O som é crescente, mas tremulante. Um uníssono agridoce que mistura o regionalismo com o global. Entre a guitarra suave, o baixo encorpado e úmido na base, e o compasso leve da bateria, o charango barítono entrega notas de dulçor e aromas brevemente florais para a mistura de blues e folk desenhada pela melodia. No momento em que uma voz em ecos, banhada por um timbre agudo e afinado, entra em cena, a canção ganha a forma de cantiga lúdica cuja intenção é educar o ouvinte a ter respeito pela natureza. Por meio do sotaque espano-brasileiro de Cristóbal Rey, aquele regionalismo detectado inicialmente ganha um brilho estonteante. Eis que a faixa-título é um simples, forte e direto protesto sobre o pouco cuidado e o menosprezo com que, nas palavras do próprio Rey, o homem branco lida com a terra. Na presente canção, ainda, o cantor vislumbra que apenas uma grande catástrofe seria capaz de fazer com que as pessoas lidem com educação e respeito para com a natureza. Não por menos que a faixa traz um verso vocálico ritmado por uma marcha protagonizada pela bateria de David Guy que soa como um canto de adoração e até mesmo proteção de tudo aquilo que é natural.

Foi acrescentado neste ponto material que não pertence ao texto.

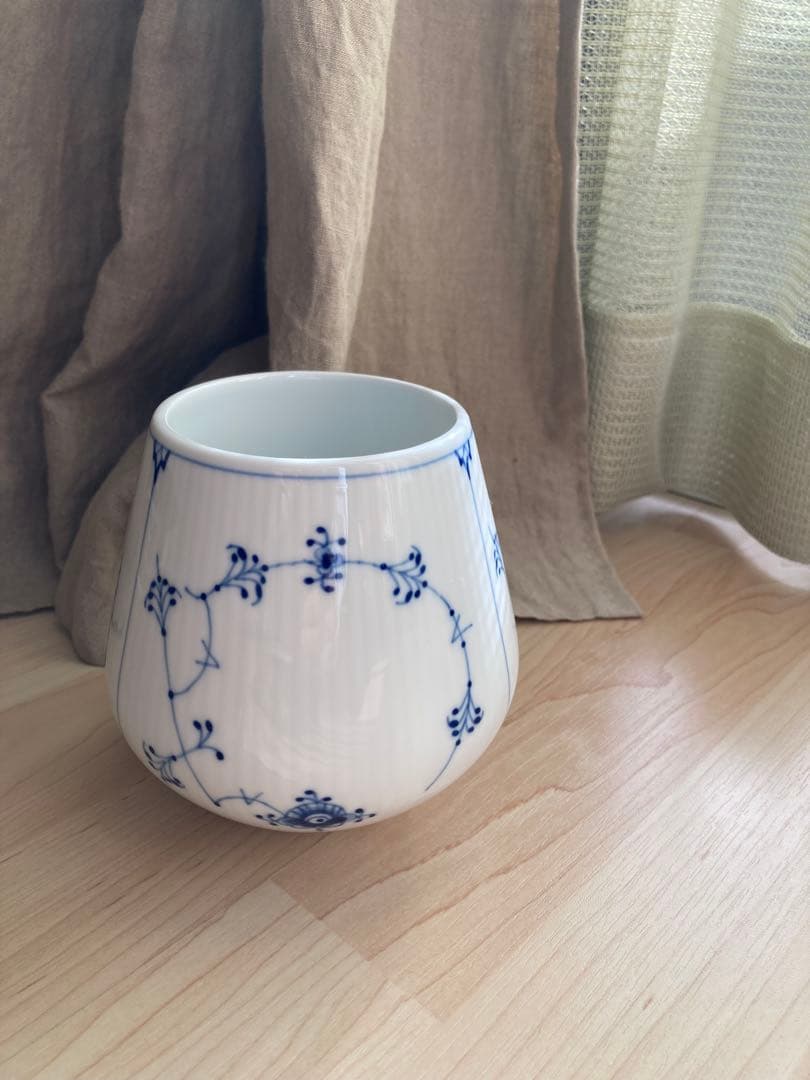 ロイヤルコペンハーゲン　ブルーフルーテッドプレイン　フラワーベース　S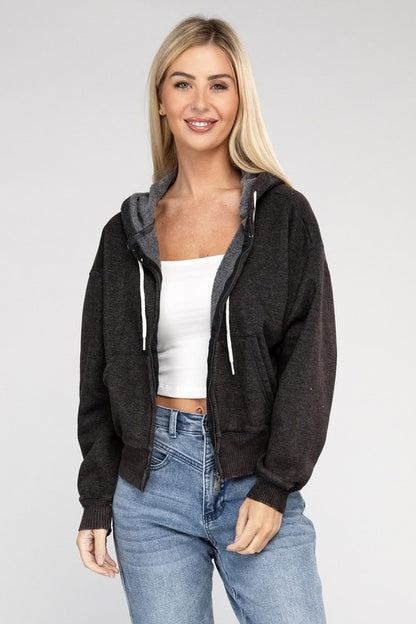 Acid Wash Fleece Cropped Hoodie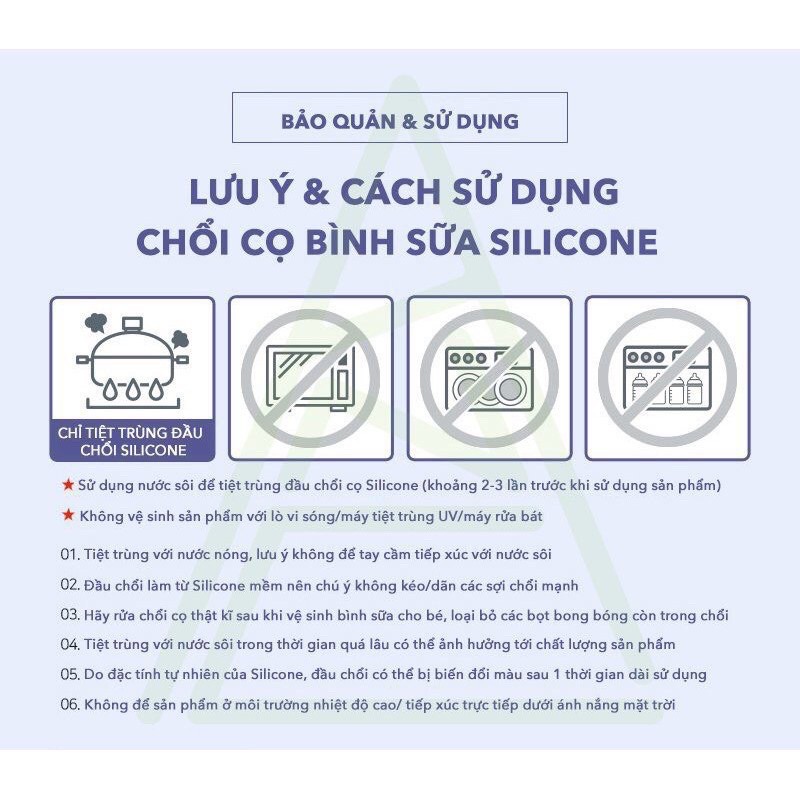Bộ 2 cọ rửa bình và núm ti Silicone cao cấp NATURE LOVE MERE Hàn Quốc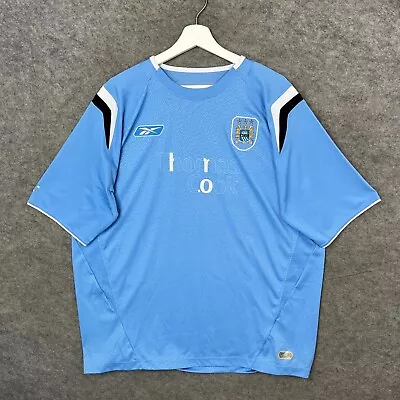 Manchester City Shirt Mens Extra Large Blue Reebok Home Jersey Thomas Cook 2004 • £24.99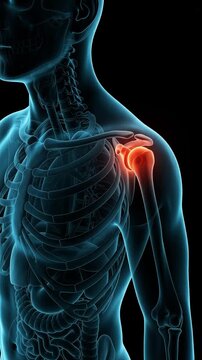 3D medical animation of human skeleton with glowing red areas indicating pain, injury, or inflammation in the shoulder joint and arm bones, representing orthopedic issues.
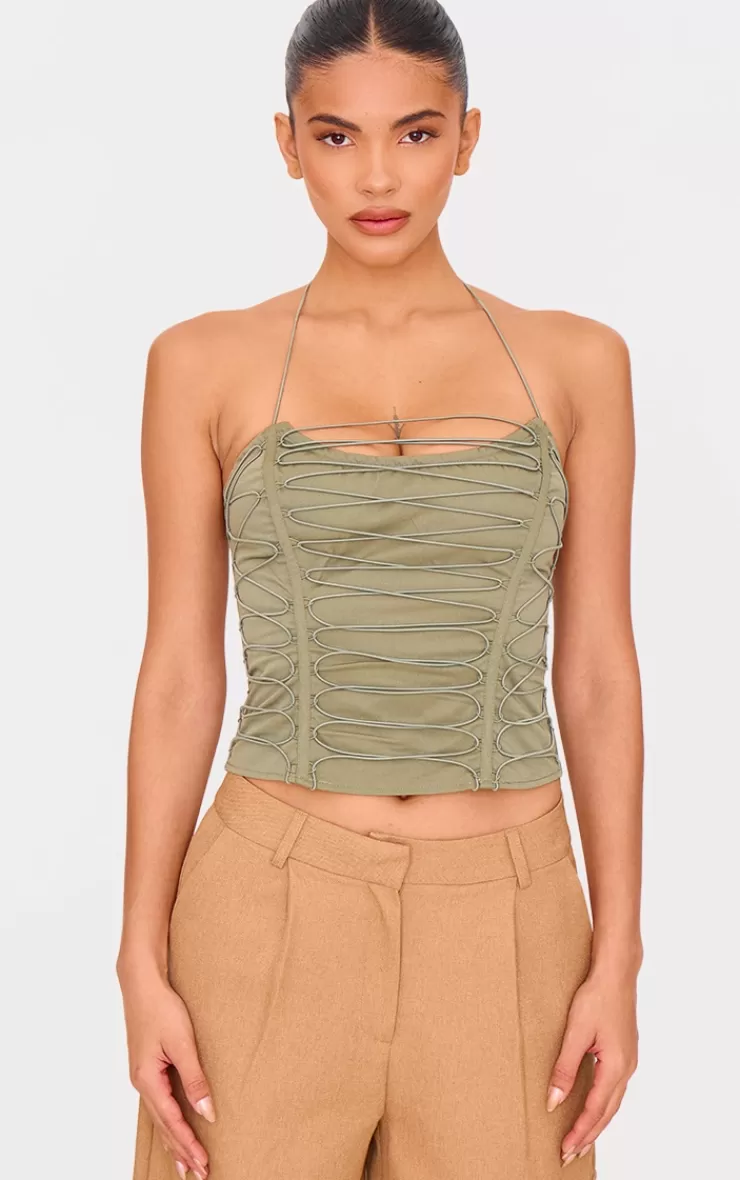 PrettyLittleThing Woven Elastic Lace Up Corset< Going Out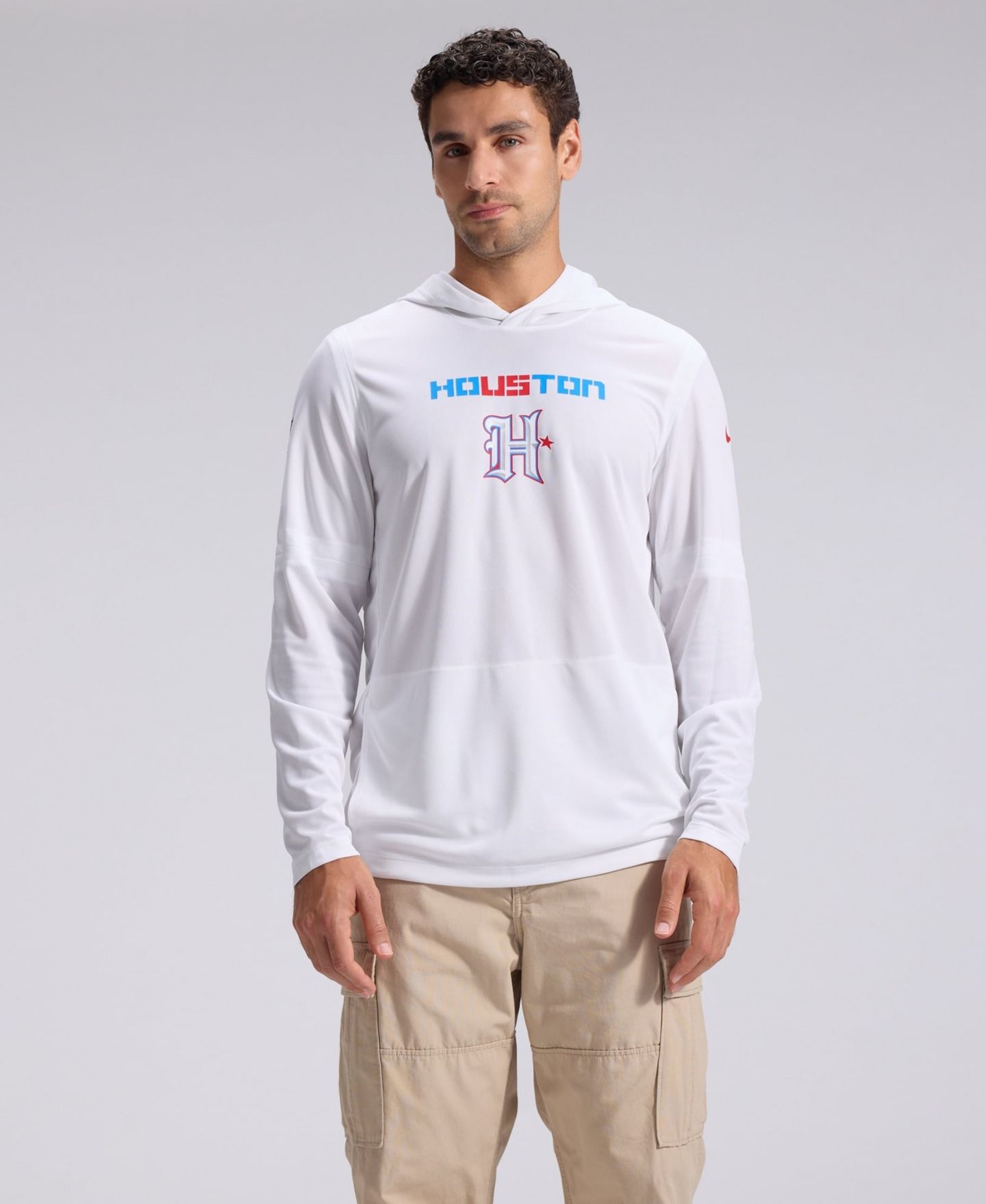Мужской топ Nike White Houston Texans 2026 Rivalries Collection Sideline Lightweight Hooded Long Sleeve — фото 1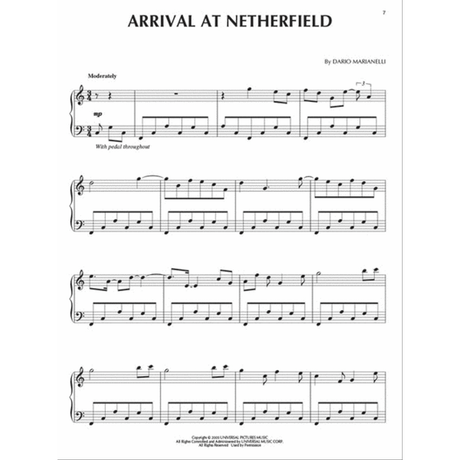 The image shows the first page of piano sheet music titled "ARRIVAL AT NETHERFIELD" by Dario Marianelli. It features the title, a "Moderately" tempo marking, a 3/4 time signature, and the instruction "With pedal throughout." The score includes treble and bass clefs across four systems, with copyright credited to Universal Music Corp. The style suggests a lyrical, film soundtrack or neoclassical piano piece.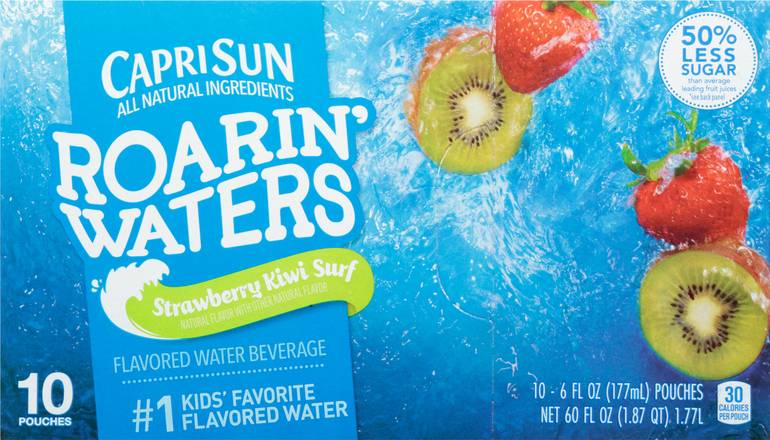 Capri Sun Roarin' Waters Beverage Pouches (10 pack, 6 fl oz) (strawberry-kiwi)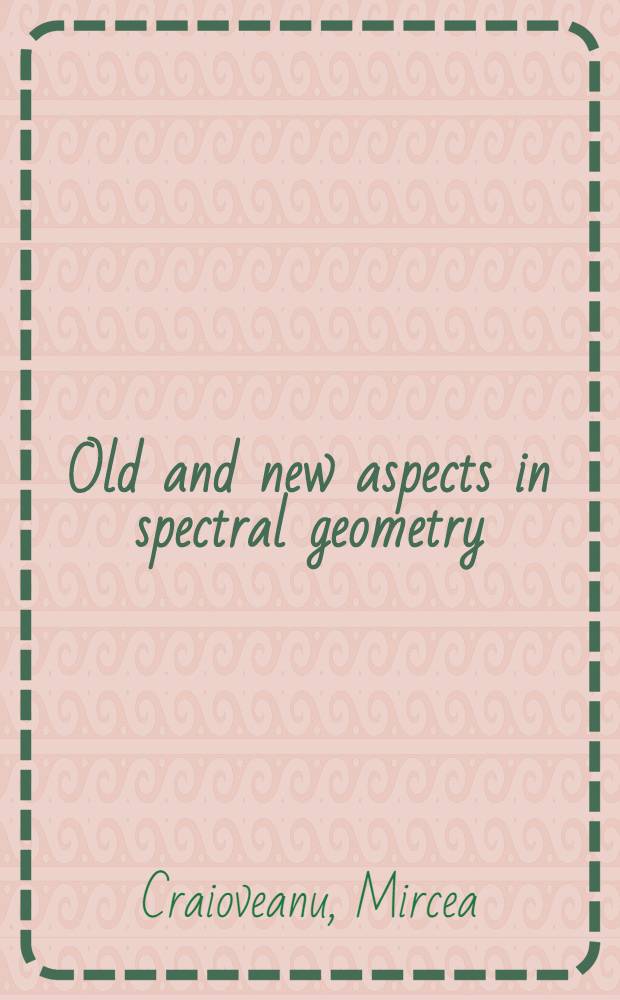 Old and new aspects in spectral geometry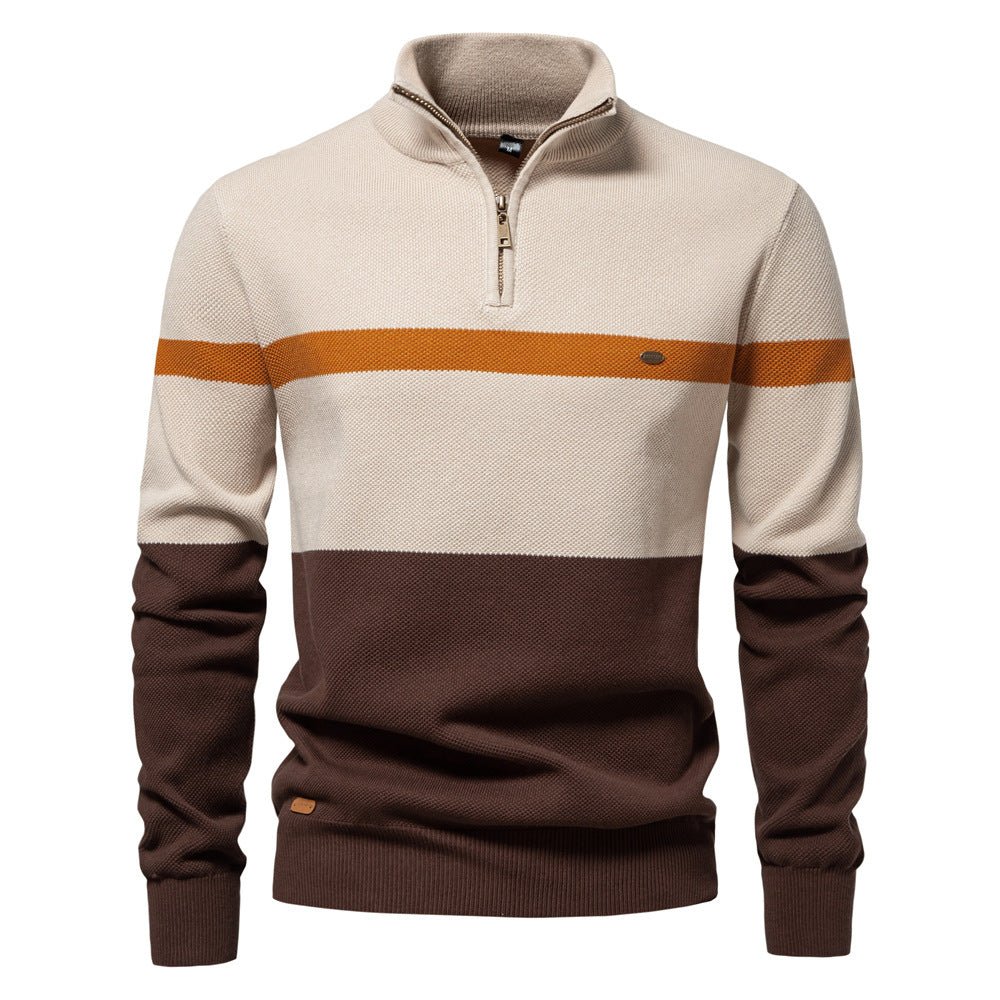 Men's sweater gift idea for winter holidays. Stylish pullover polo sweater for skiing. Everyday men's cardigan sweater with zip.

Um ambiente místico, mas curiosamente calmo, começa a se evidenciar a partir de um horizonte brando. Enquanto isso, o vento que sopra faz as folhas das árvores e o gramado valsarem em uma delicadeza sincrônica que logo ganha fios de racionalidade oferecidos pelo bojudo groove do baixo de Tomás Peralta. Surpreendentemente, entre sua voz agora de tom mais grave, Rey apresenta sua vertente lírico melódica através de falsetes bem executados que dão sustentação para o enredo de Volta A Crescer, uma canção que dialoga metaforicamente sobre renascimento. Também abordando a possibilidade de segunda chance apoiada em esperança, a faixa tem na bateria o elemento crucial para, além de trazer o movimento rítmico, ampliar a suavidade de sua mensagem.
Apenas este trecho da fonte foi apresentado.